News Ain't What It Used to Be

And Gaza

I’m in the panhandle of Nebraska for a couple of days, where the weather is hot as hell, and the politics are redder than a baboon’s ass. That said, this little town had a protest yesterday, about 20 people lining the main drag with signs talking about funding for education and medical care. Interesting and unexpected. I didn’t see any Gaza signs, but I could have missed it. The thumbnail for this post is Dorothy Lynch dressing, made in Nebraska. Main ingredient: tomato soup. Runza is another Nebraska delicacy.

Switching topics, it seems like people are finally totally disgusted with the genocide in Gaza. (Guardian live feed.) I’m wondering if it is the decision of major media to finally show a picture or two of an emaciated child that pushed things over the edge. I scan the front pages of the big papers and they’re now showing really graphic photos.
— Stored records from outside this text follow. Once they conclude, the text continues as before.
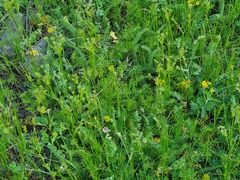 Seseli peucedanoides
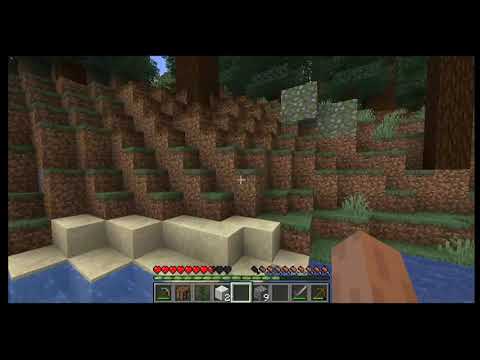 nowy serwer  nowa przygoda Tigera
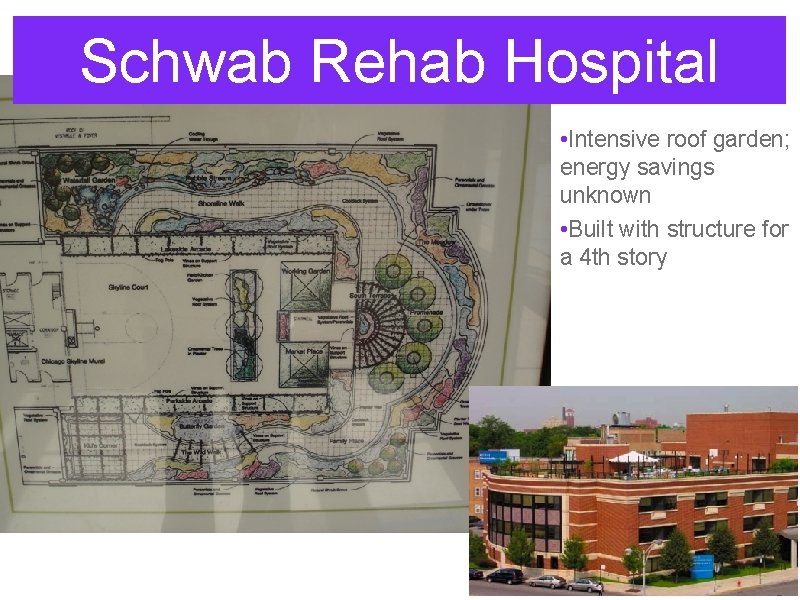 Schwab Rehab Hospital • Intensive roof garden; energy savings unknown • Built with structure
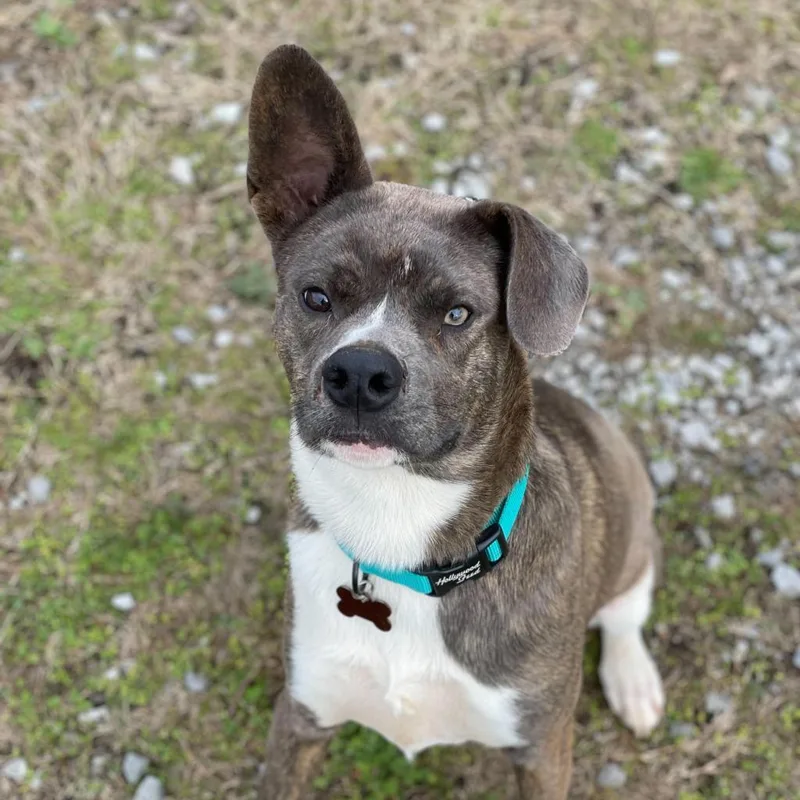 Woodstock thumbnail 5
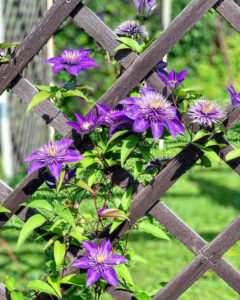 Podpory dla powojników: Jak wybrać najlepsze i cieszyć się pięknym ogrodem? — Podpory dla powojników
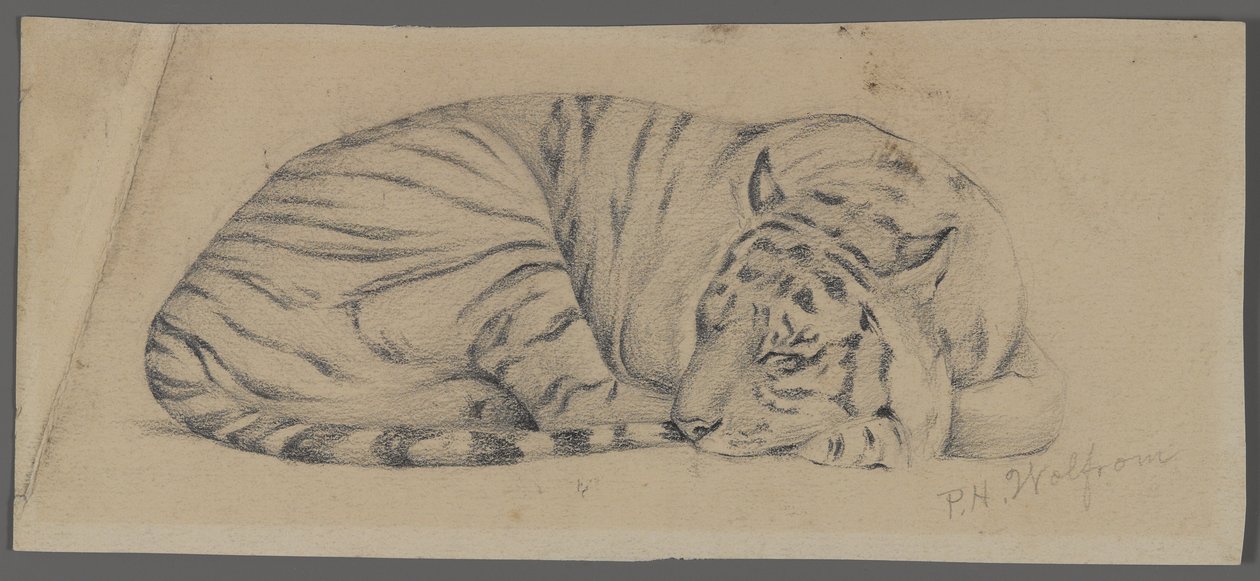 Tigre Adormecido (grafite sobre papel) de Philip H. Wolfrom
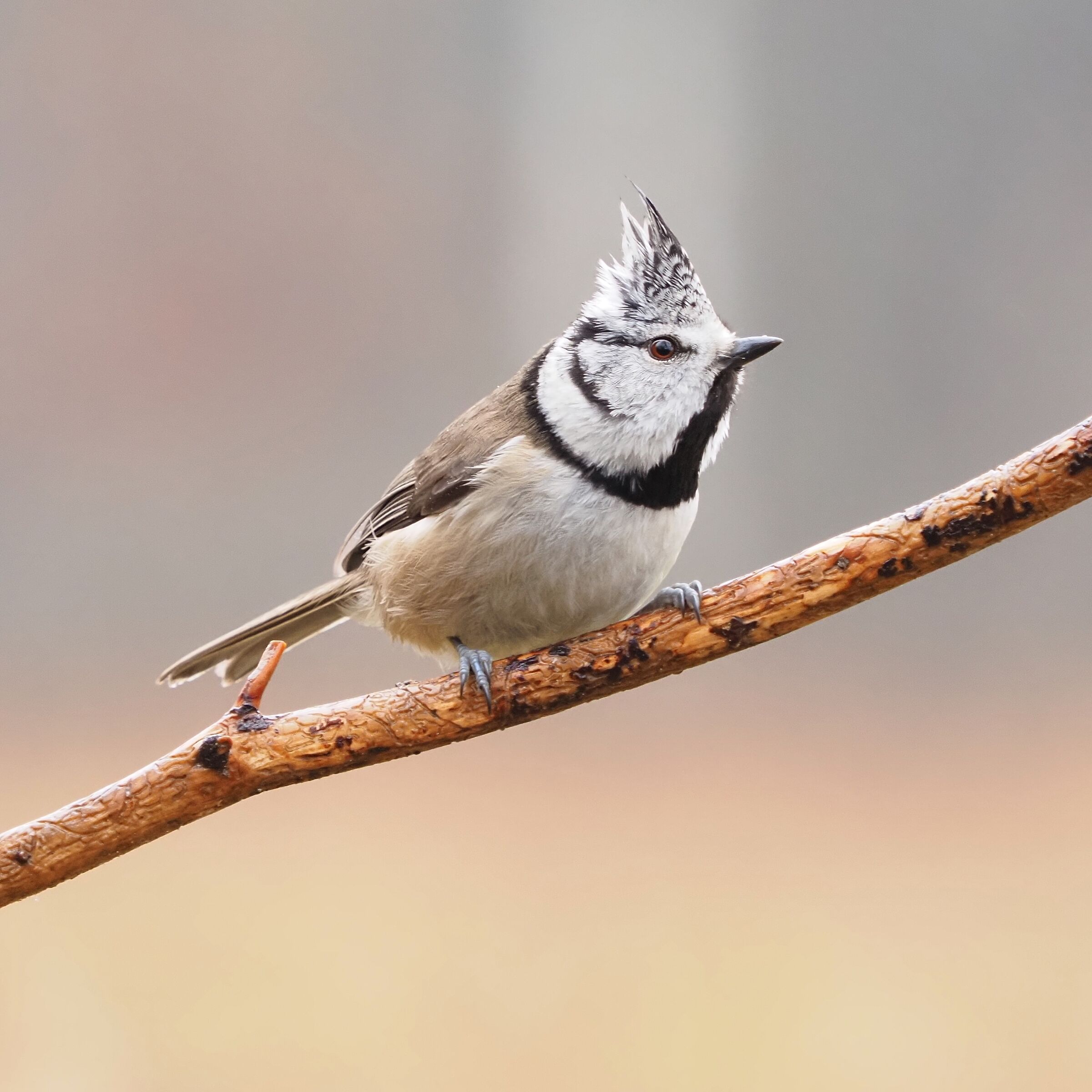 Crested Tit ...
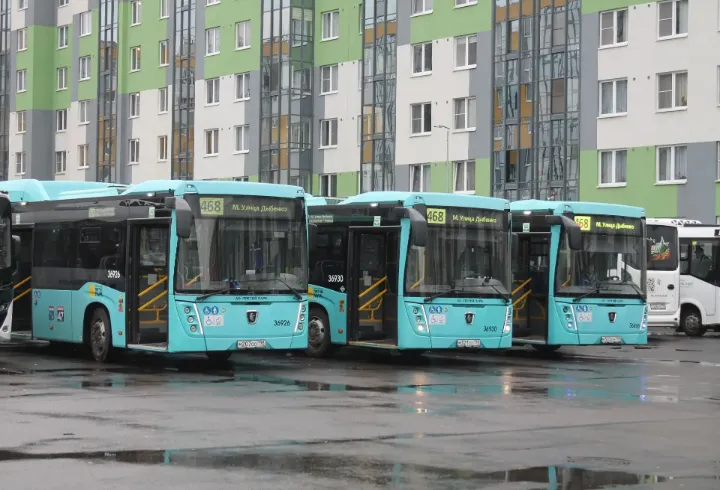 Более тысячи жителей Ленобласти и Петербурга получили компенсацию за ОСАГО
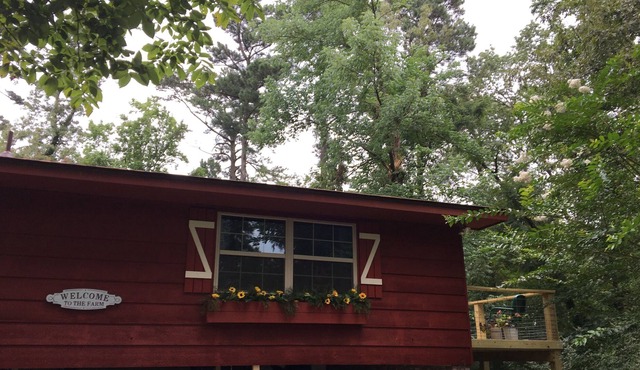 The Barn at Meadow View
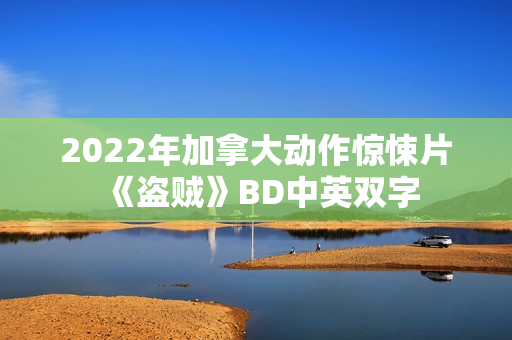 2022年加拿大动作惊悚片《盗贼》BD中英双字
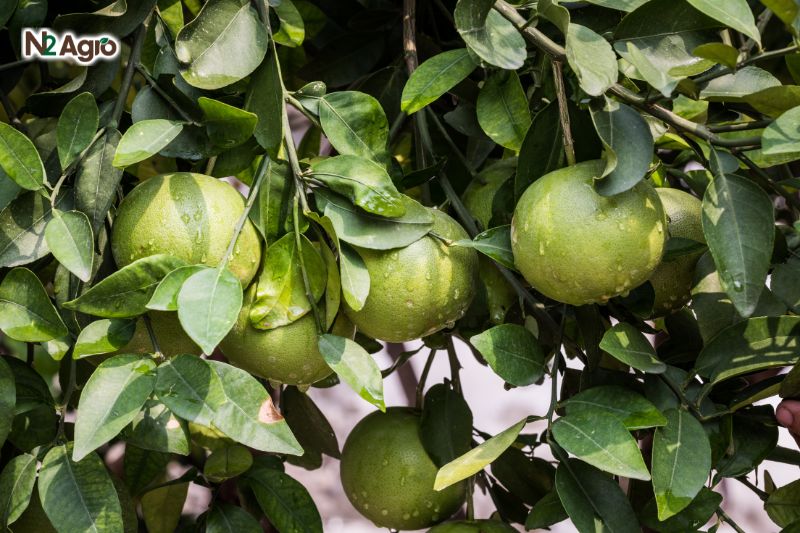 Nhện đỏ hại bưởi nhen do hai buoi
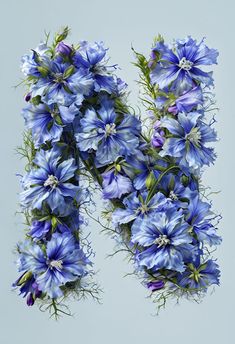 the letter n is made up of blue flowers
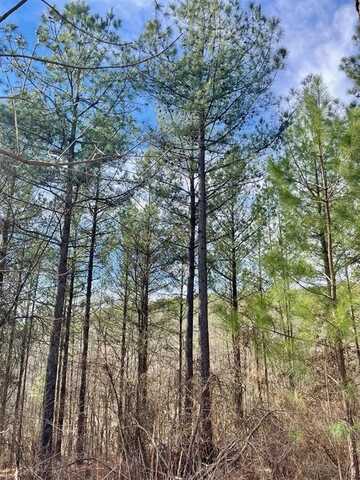 764 Timber Creek Trails South Xl, Broken Bow, OK 74728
When I was a kid, this was regular fare for major media. The evening news and the news magazines (we had Life and Newsweek) would regularly show kids who were dying of starvation in far-off lands. From my perspective, curated social media feeds, right-wing media, and mainstream journalistic timidity about Gaza has kept much of the ugliness out of view. For example, Fox has basically nothing about starvation on their home page right now, and the only story is about the danger to journalists there.

Anyway, people see the starvation of children as a revolting and ugly thing, to state the obvious. So, Israel has gone out of its way to harass journalists, and sometimes kill them, in their quest to wipe Gaza and its people off of the map. Now, the bare fact of mass murder of children has finally been revealed, and people don’t like it. We should make Trump own this, but of course we’re so wrapped around the axle of “anti-semitism” meaning “even the mildest criticism of Israel” that who knows what’s going to happen here. I searched for “Schumer Gaza starvation” and got nothing. I guess he thinks he can just hide out until it’s over. I don’t see the winning strategy here.

While I’m talking about journalism and ugly things, there were a lot of ugly facts about the Vietnam War that hit Life, Newsweek and the nightly news. The military has done an excellent job of keeping journalists from seeing that in more recent wars.